#### [EXERCISE GOAL]
Only the lines running from the one with "Collagen Peptides - Type" to the end of the listing should be returned, each exactly as it appears, with both ends kept.

#### [SUPPLIED ENTRIES]
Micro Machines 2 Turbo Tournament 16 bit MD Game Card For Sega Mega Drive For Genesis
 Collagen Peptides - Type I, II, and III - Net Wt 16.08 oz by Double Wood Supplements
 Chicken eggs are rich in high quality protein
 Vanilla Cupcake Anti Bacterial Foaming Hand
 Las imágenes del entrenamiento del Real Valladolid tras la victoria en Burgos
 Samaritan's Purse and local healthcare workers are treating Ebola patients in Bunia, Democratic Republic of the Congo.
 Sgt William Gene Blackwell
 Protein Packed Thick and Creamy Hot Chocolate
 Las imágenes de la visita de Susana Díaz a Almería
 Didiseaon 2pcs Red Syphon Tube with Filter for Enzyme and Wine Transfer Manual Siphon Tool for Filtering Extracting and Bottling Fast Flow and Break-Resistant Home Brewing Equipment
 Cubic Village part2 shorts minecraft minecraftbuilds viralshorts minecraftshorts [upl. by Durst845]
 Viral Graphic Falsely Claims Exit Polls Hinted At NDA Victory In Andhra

#### [RESULT OF THE TASK]
 Collagen Peptides - Type I, II, and III - Net Wt 16.08 oz by Double Wood Supplements
 Chicken eggs are rich in high quality protein
 Vanilla Cupcake Anti Bacterial Foaming Hand
 Las imágenes del entrenamiento del Real Valladolid tras la victoria en Burgos
 Samaritan's Purse and local healthcare workers are treating Ebola patients in Bunia, Democratic Republic of the Congo.
 Sgt William Gene Blackwell
 Protein Packed Thick and Creamy Hot Chocolate
 Las imágenes de la visita de Susana Díaz a Almería
 Didiseaon 2pcs Red Syphon Tube with Filter for Enzyme and Wine Transfer Manual Siphon Tool for Filtering Extracting and Bottling Fast Flow and Break-Resistant Home Brewing Equipment
 Cubic Village part2 shorts minecraft minecraftbuilds viralshorts minecraftshorts [upl. by Durst845]
 Viral Graphic Falsely Claims Exit Polls Hinted At NDA Victory In Andhra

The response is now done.